Some of the waste stems from the fact that maybe we are simply doing more work than we really need to – after all, if we do less work we will need less energy. This of course, could be caused by the fact that we are using the wrong tool for the job, and thus are creating more work than needed. The fact is that for specific tasks ASIC designs are more efficient that DSPs/Vector Engines, which in turn are more efficient than CPUs. Unfortunately, ASICs while efficient are also prohibitively expensive and few markets can justify their use. Which brings us full-circle back to where we started a few paragraphs ago: designing specific chips that do what we need, and do it well while consuming little power is way too expensive. The solution: A chip generator. Now, before you panic and say we’ve been there and tried that, relax, Mark is not talking about silicon compilers, that will take your nicely written high-level C++ algorithm and convert it into a perfectly working, super power efficient silicon that has been verified automatically - a nice dream indeed.

Instead, the message that Mark is sending to the chip and SoC design houses is that the designs they are putting together are most likely not the optimal solutions for what applications the customers have in mind. Instead, he would prefer if these companies instead of trying to guess what the customers want should rather put their efforts into developing a chip generator that would allow the eventual consumer to configure the final SoC as needed. Want half the cache: no problem - want to eliminate some not needed IOs: no sweat - need to configure your memory differently to optimize the performance, or add some extra math processing: no sweat. Essentially, let the customer figure out what they need, and you just focus on developing a tool that will put it together for them. I have to admit Mark, this does sound fantastic indeed. As a matter of fact, it is something that occurred to me a while ago while working on several SoCs that were very similar, but not similar enough for some of our customers, and thus required separate design spins. The problem is that while the chip generator might be more feasible than a silicon compiler, it is still something immensely difficult to pull off.
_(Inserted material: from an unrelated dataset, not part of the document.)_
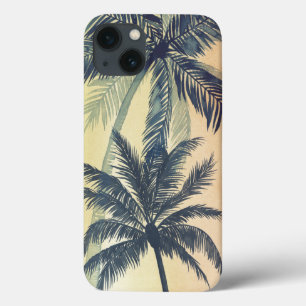 Folhas de Palma Tropicais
For one thing, if chips are difficult to design, it is quite conceivable that to design something that will design these chips might be even more so – is it worth it? Also, while process scaling might slow down one day, and library updates might become less frequent, that day is not here yet. Once again, if migrating a chip from one process to another is a major undertaking, optimizing the generator for the next process might be more work then re-doing some designs while adding a few customer requested enhancements. I’ve worked on several tools that had to be ported to new processes and most of the time it took more work than was anticipated. Finally, parameterizing a few things here and there is probably possible, but making things you as a company own configurable and then ensuring that they will play nice with third party IP provided by other companies, that can also be parametrized, is another story. Don’t get me wrong, I completely agree with Mark’s vision, and I do think that the future does require what he is suggesting, but process scaling really needs to slow down significantly for this to happen, and that is simply not yet the case. Too bad I forgot to ask him about the time horizon that he had in mind for the chip generator to become a reality.